When you launch a graphics-intensive game, data for immediate use is loaded into memory from either storage or downloaded from the network. Next, the SoC processes game data for enhanced visual and audio experiences. Player input is processed by the SoC and stored into the memory buffer. In real-time gaming, information is sent and received through cellular networks and the memory buffer is continually updated. Increasingly intensive games with higher resolution graphics will require the speed of 5G networks – and more memory bandwidth and low latency – to achieve an enhanced user experience.
Mobile gaming data flow
Complex mobile games require high memory capacities for loading active game levels. And before anything even makes it to the phone’s display, game data is running through multiple GPU pipeline stages — vertex shading, rasterization, fragment shading and more — all of which are accelerated by LPDDR5 memory.

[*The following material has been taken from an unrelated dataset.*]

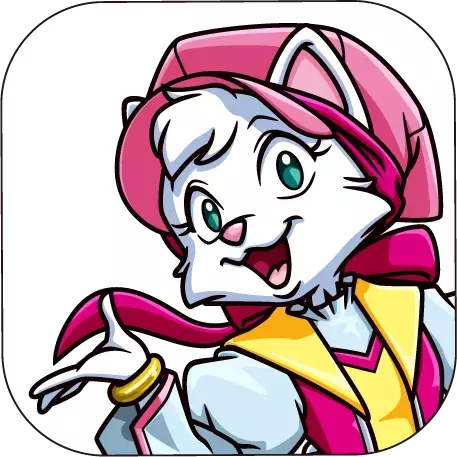 志摩スペイン村公式アプリ誕生！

Performance-hungry, gamer-focused phones like the ASUS ROG Phone 5 can use as much bandwidth as you can give them to feed game data to processors and deliver incredibly fine screen resolution and high frame rates. These devices boast displays with a 144Hz refresh rate and 300Hz touch sample rate. These capabilities demand ample bandwidth for processing game data in memory for an optimal visual and audio experience. And multiplayer gaming over 5G networks requires ultralow latency for real-time action. Overall, these advanced workloads require higher memory performance and lower energy consumption. LPDDR5 offers both, avoiding 5G bottlenecks by processing data at peak speeds of up to 6.4 Gb/s.
“Today’s mobile gamers are incredibly discerning when it comes to technology, requiring the lowest latency, seamless rendering and utmost responsiveness,” said Bryan Chang, general manager of the ASUS Smartphone Business Unit. “Tapping Micron LPPDR5’s topline performance, our ROG Phone 5 gives mobile gamers an edge on the competition with ultrafast speeds and cinematic graphics to feed bandwidth-hungry, real-time multiplayer gaming.”

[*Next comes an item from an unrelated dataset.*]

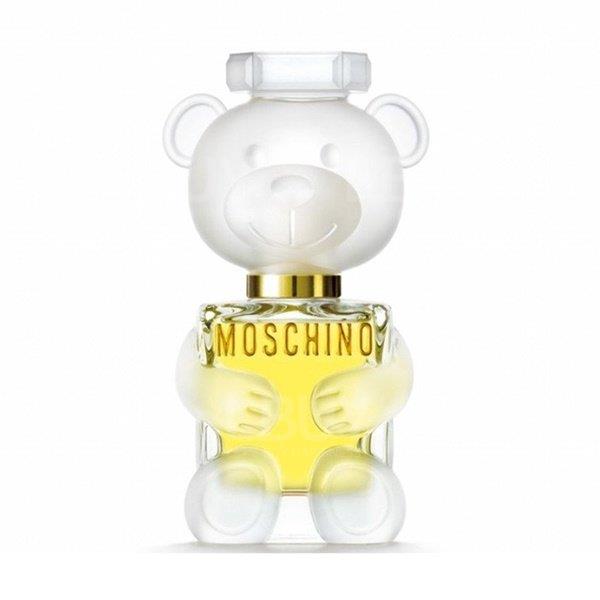 Moschino TOY 2 白熊 淡香精 100毫升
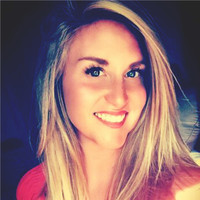 Katrina Keck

Bringing premium features to affordable phones
Balancing performance and cost, LPDDR5 also helps bring premium photography, gaming and video experiences to affordable phones like the Motorola’s moto g100. The g100 is equipped with forward- and rear-facing cameras that are ideal for capturing the perfect shots for social media feeds and recording 4K video at up to 60 frames per second or 6K at up to 30 frames per second. The display has a 90Hz refresh rate for smooth mobile-gaming graphics. LPDDR5 performance in a cost-effective package accelerates these features once reserved for flagship phones.
“Supported by LPDDR5’s flagship-level performance, our Motorola moto g100 makes emerging technologies such as best-in-class gaming, multicamera support and 5G connectivity more accessible for the masses,” said Thomas Milner, head of product marketing at Motorola. “Micron LPDDR5’s superior power efficiency enables multitasking across data-intensive apps with sustained battery life — offering versatility and endurance across work, life and play.”
Balancing power efficiency and performance
Micron’s industry-leading LPDDR5 extends the rich portfolio of mobile products that balance performance and power efficiency to match workload and system requirements for a wide variety of smartphones.